Why you shouldn’t hurry your buyers’ decision

Recently I was involved in buying an apartment to my son. You know, being 23 it was time, thought his father, his son would have his own place at last. It’s not that easy to live at the same place, same house, with grown up kids.

However, my buying journey was not that easy. Maybe it tells something about living as a buyer, who knows? Let me tell my buying story.

the floor

Buying an apartment in Sweden is mostly done by an open bidding process. Estate agents set a sort of “group text platform” where buyers text their bid and thus receive text messages from other bidders. Buying this particular apartment was no exception.

At least from the beginning, in the end it turn out to be – well memorable – if not saying frustrating.

I and my wife were taking our son with us to the apartment display. It was colored in light nuances, the kitchen was small, but nice and modern. It seemed that the apartment had undergone some careful renovation.

So yes, we were interested. Really interested.

Let me tell you a little about us, as buyers. I can say we are experienced buyers. We’ve been through some bidding processes before and felt the pressured, nerve-thrilling process to end up with a victory or a loss. In all cases it had been an honest fight with other bidders, probable with the same feelings about the process.

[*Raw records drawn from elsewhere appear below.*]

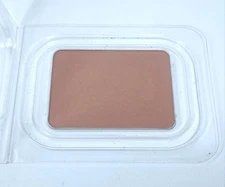Nars Bronzing Powder Irrisistiblement - 0.28 oz - Refill Pack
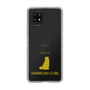 Slim Protection Case［ &UCHINOCO - American Curl ］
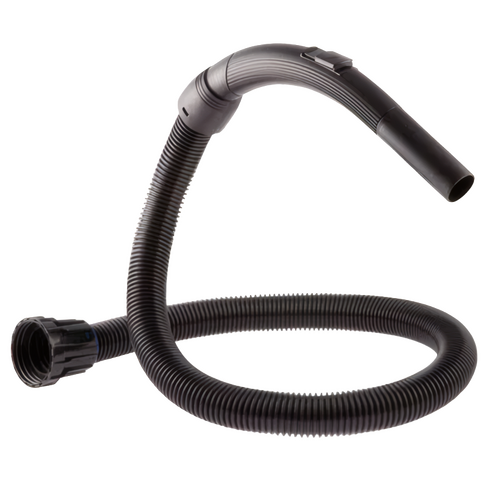 PACVAC Hose Complete 32mm - 1.2m (700)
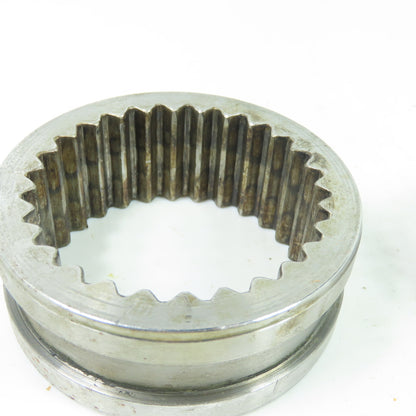 Kop-Flex Waldron 1-5/8" Gear Coupling Hub and Sleeve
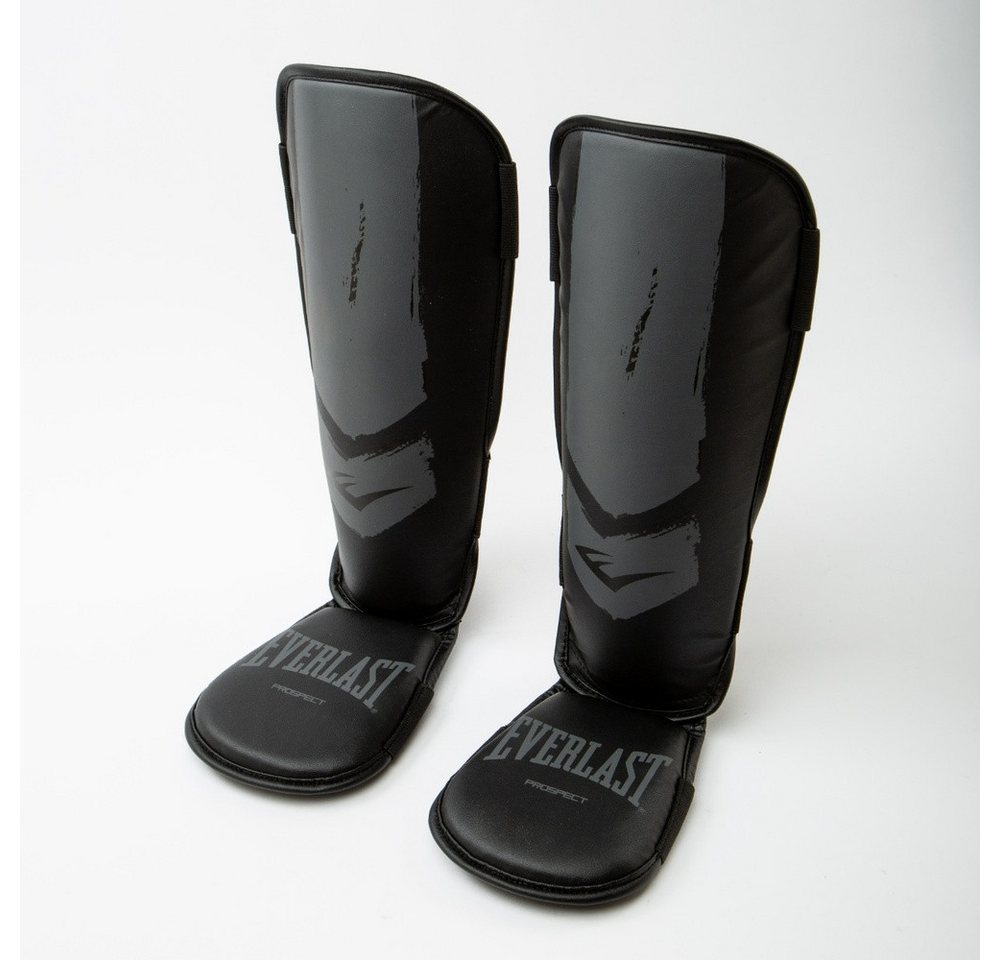 Everlast Kampfsport Schienbeinschoner Prospect Youth Shin Guards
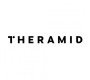 Theramid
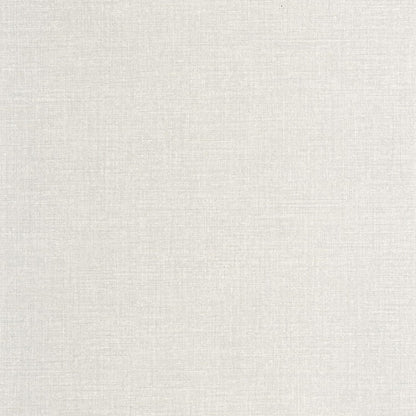 202129010 Gris Plumón
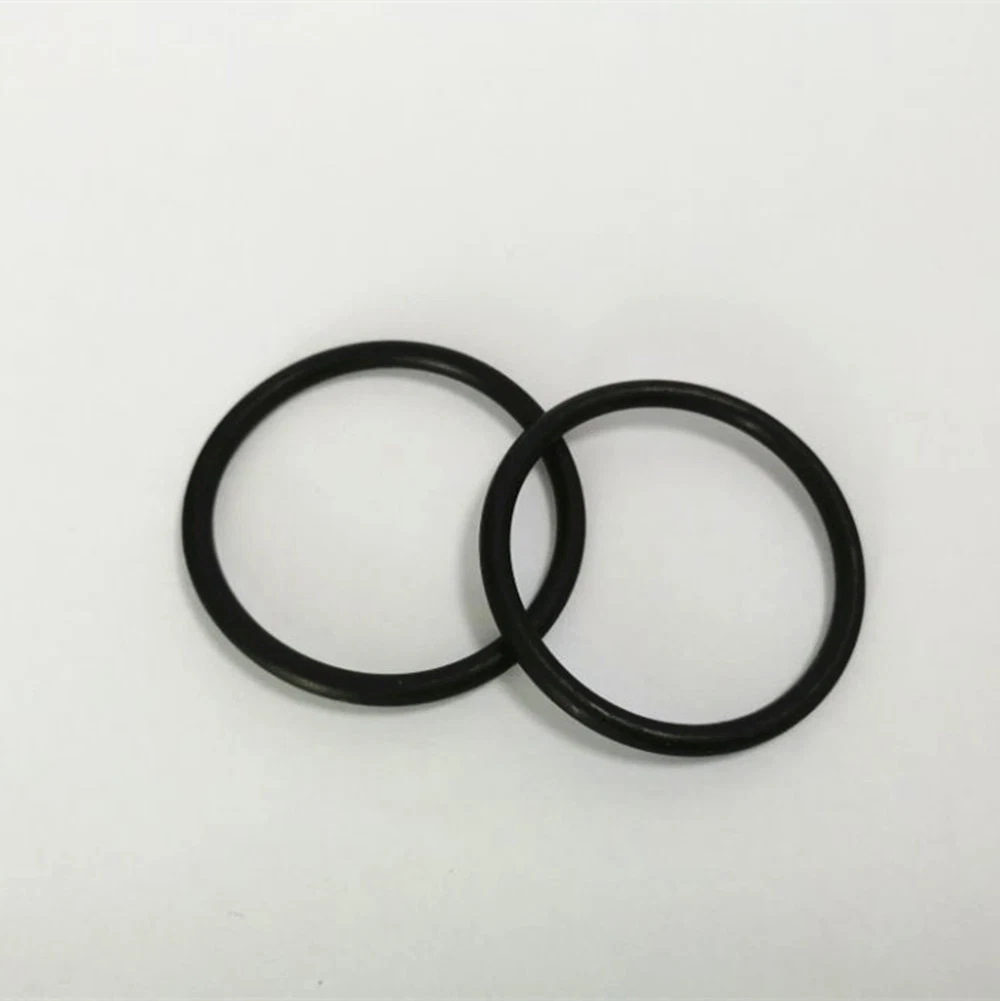 Water Pump O Ring Seals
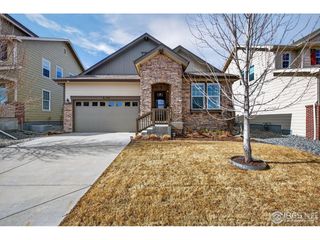 2109 Sicily Cir, Longmont, CO 80503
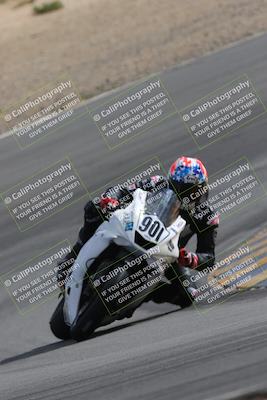 media/Feb-24-2023-Apex Assassins (Fri) [[1dfdb28110]]/Trackday 1/Session 5 (Turn 10)/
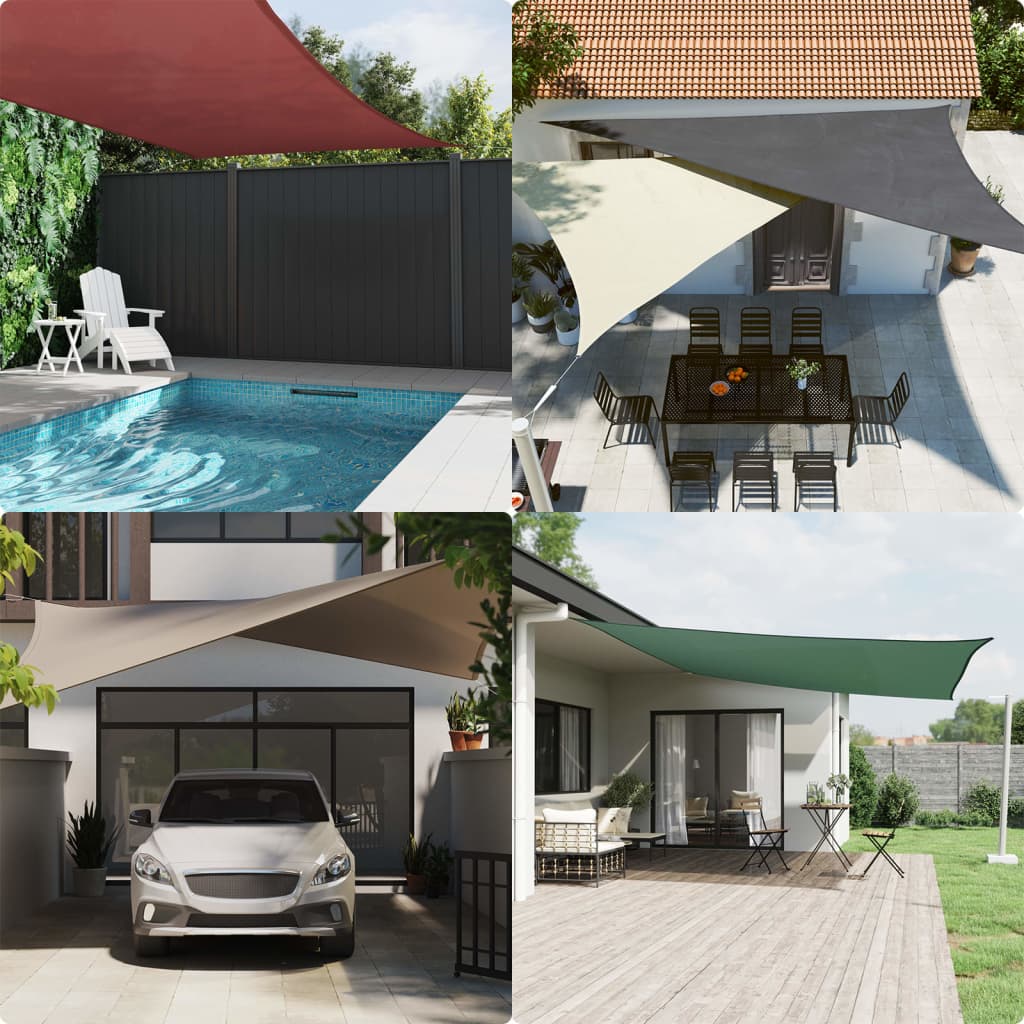 40646936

During theses processes, we’ve found a great way to win such. You start by making it clear to the estate agent rep that you’re interested, but you never start the process yourself. You wait, wait and wait. Remember, you’re getting all those text messages so you are able to follow the bidding process really close. You’re not a hurry. Not at all.

So if you wait until you feel the frequency of the other bidders’ bids slow down to a pace when you can feel they’re thinking to stop – “this is my last bid, no more”, then it’s time for you to Enter The Arena.

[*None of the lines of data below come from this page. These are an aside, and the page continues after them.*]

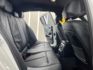 玉豐汽車✦附影片賞車 總代理120i M Sport Shadow Edition黑化套件 升級安卓 5AS 全車原鈑件  第8張縮圖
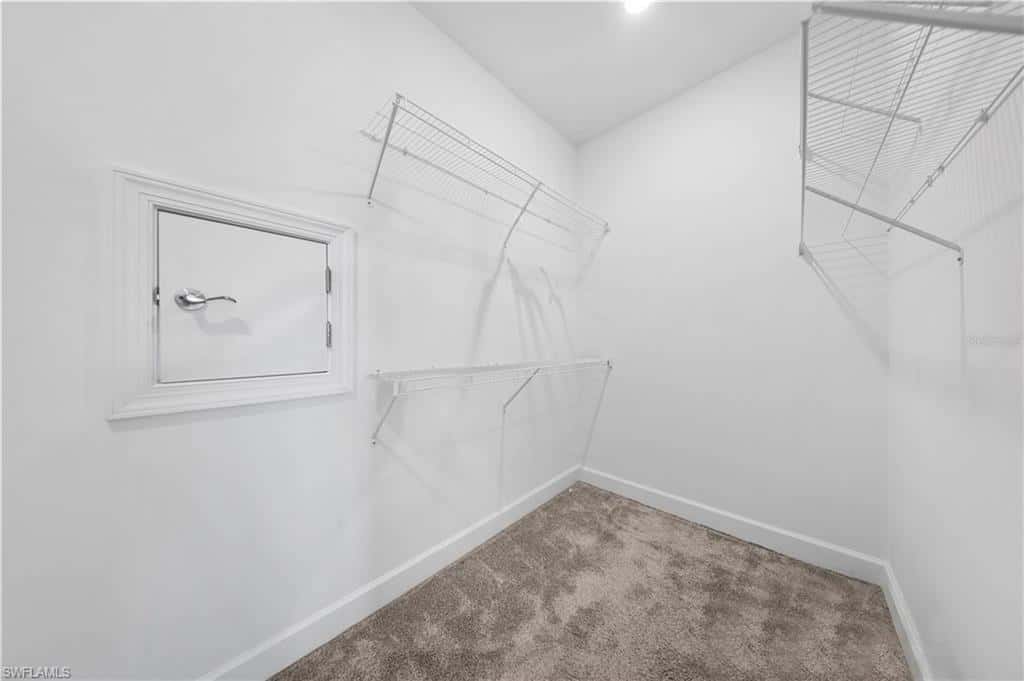 42058 Journey Dr, Punta Gorda, photo 26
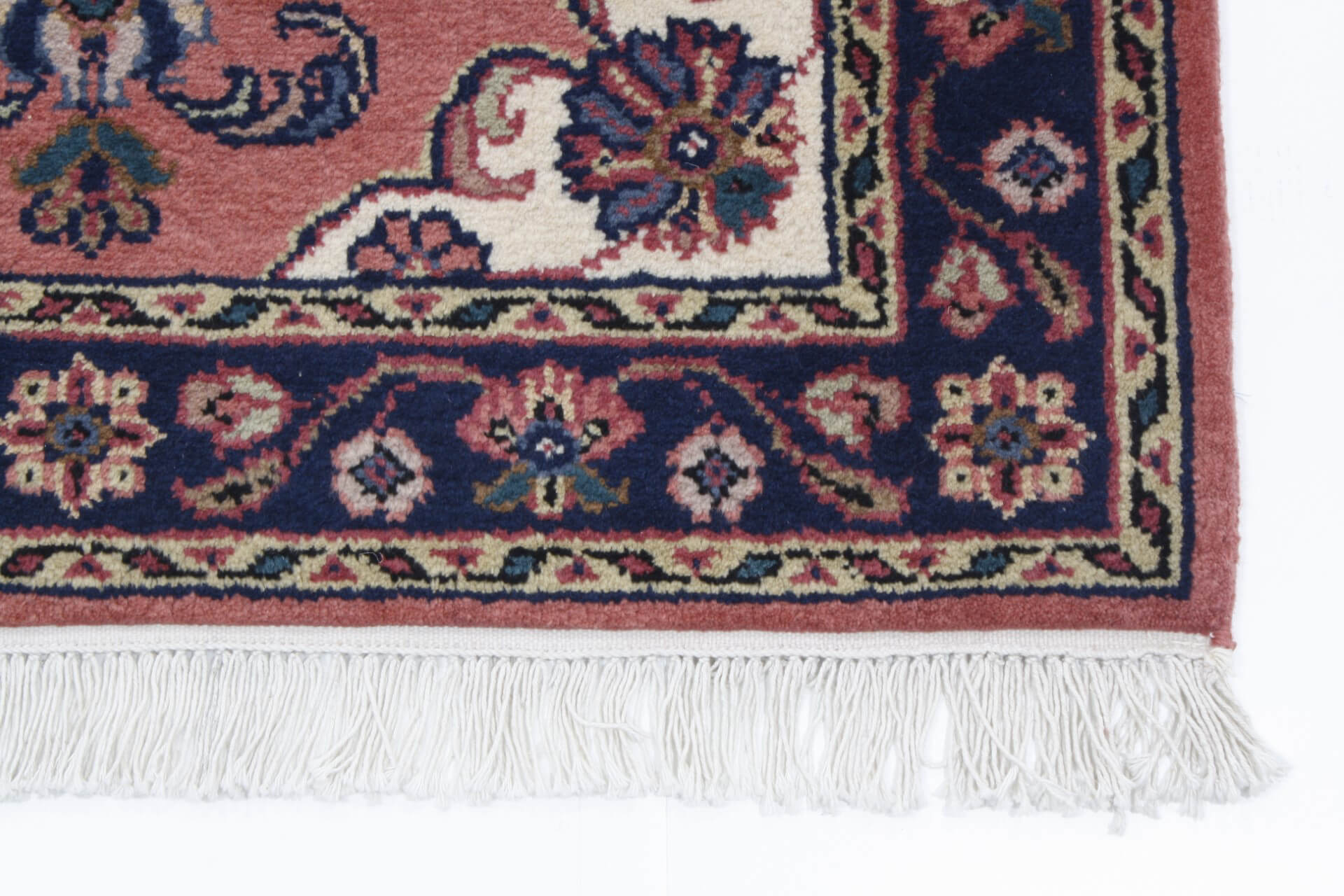 Oriental rug Bidjar Exclusive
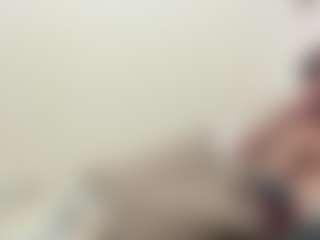 Miakros's Live Sex Cam Show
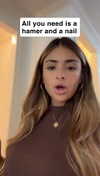 gabannalisa Altpins Profile Picture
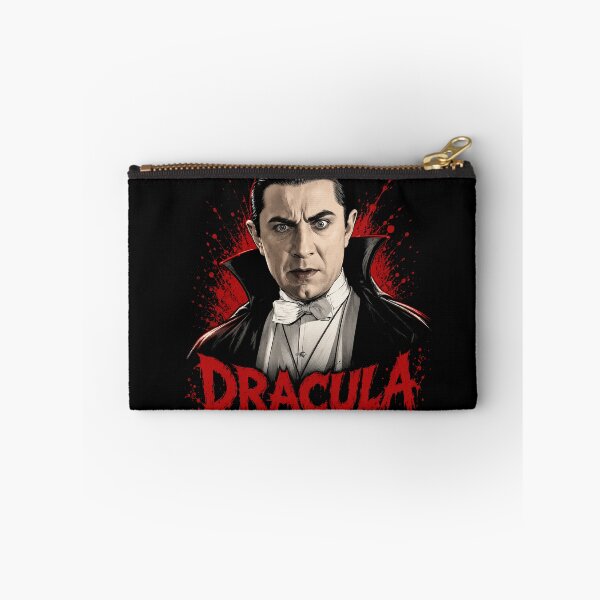 Item preview, Copy of  bram stokers Dracula designed and sold by American Artist Designs.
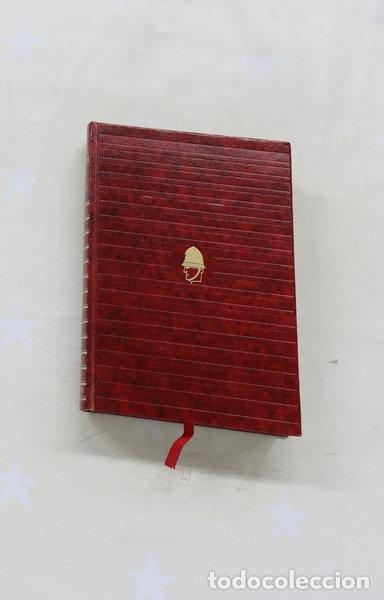 Livros em segunda m&atilde;o: Obras Selectas- 9788472540149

But you shouldn’t put a bid just a little above the last bid. It has to be – if you are ok with the level – a massive bid. That will definitely shock the others and – in most cases – finish the bidding process to your advantage.

Back to the actual buying of an apartment to our son, the other bidders had making their bids and the process was slowing down. It was not really time to go into the process, but soon, very soon we felt.

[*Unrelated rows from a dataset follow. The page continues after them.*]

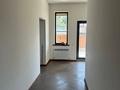 Свободное назначение, офисы · 250 м² за 1.5 млн ₸ в Алатау, п. Арман — фото 19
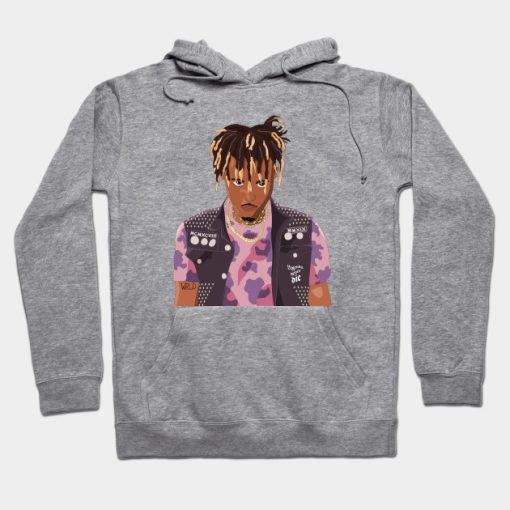 18506457 0 32 - Juice Wrld Store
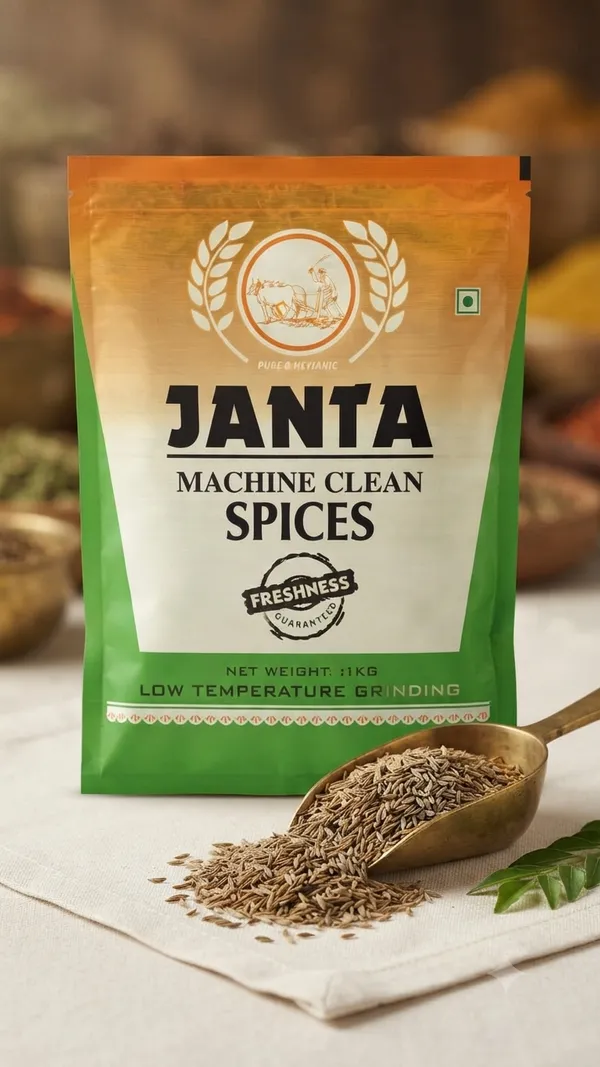 Janta_Machine_Cleaned_Cumin_Seeds_-_Pack_of_2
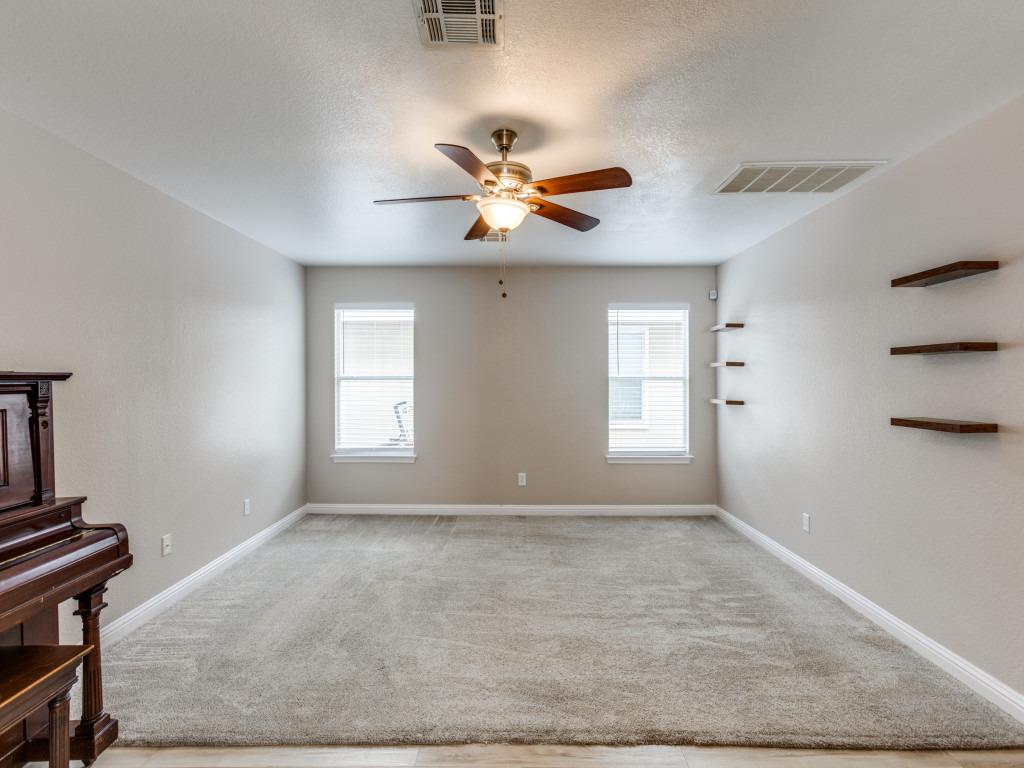 3005 Crownover St, Austin, TX 78725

Then came the crucial mistake from the estate agency. He texted as follows:

“We intend to close the bidding process tomorrow at noon. Please give me you last bid”.

Now. Hold on for a sec. What are the agency rep trying to accomplish? And why? But what impact does he on the buying process?

For sure, he’s trying to close the deal soon and by that force buyers to make up their minds quickly and put their last bid. He’s certainly also trying to make those bids to be higher, since “you’ve got only one more chance”.

And why? Of course to cash in his commission a soon as possible.

But what impact does he? Let’s sort it out.

  1. He stresses buyers to opt-out from the bidding process
  2. He blocks the buyers’ need to evaluate the others’ new bids, and possible put a new and even higher bid, refusing highest possible money to the seller
  3. He infuses irritation by introducing a “last minute process”, that no one more than he earns at

The agency rep became aware of, at least, our irritation when he called me just a few hours before his intended bidding process closure. I said I was just discussing with my family to put a huge bid tomorrow morning, I’d just wanted to evaluate some other apartment offerings, and naturally it’s a big decision and a lot money involved. We always, I said, consider very carefully our actions, but when we decide upon things, we’re honest about our intentions and just go for it, making it a success.

But he persisted, the bidding process would be closed at noon.

I was totally pissed off (excuses for my bad language) and opted-out instantly. The seller of the apartment missed out on a lot more money and my son a nice apartment. To whose gain?

Everyone talks about “customer is king” and “you’d better consider their buying process instead of your own sales process”. So what may we learn from my story? Are we still thinking demand is greater than assets and by that it’s the sellers’ market? Is the customer really in focus for you? Do you really understand the behavior and needs of your customer? Have you created your “buyer persona” by really step into his shoes?

I doubt. Especially when buying apartments.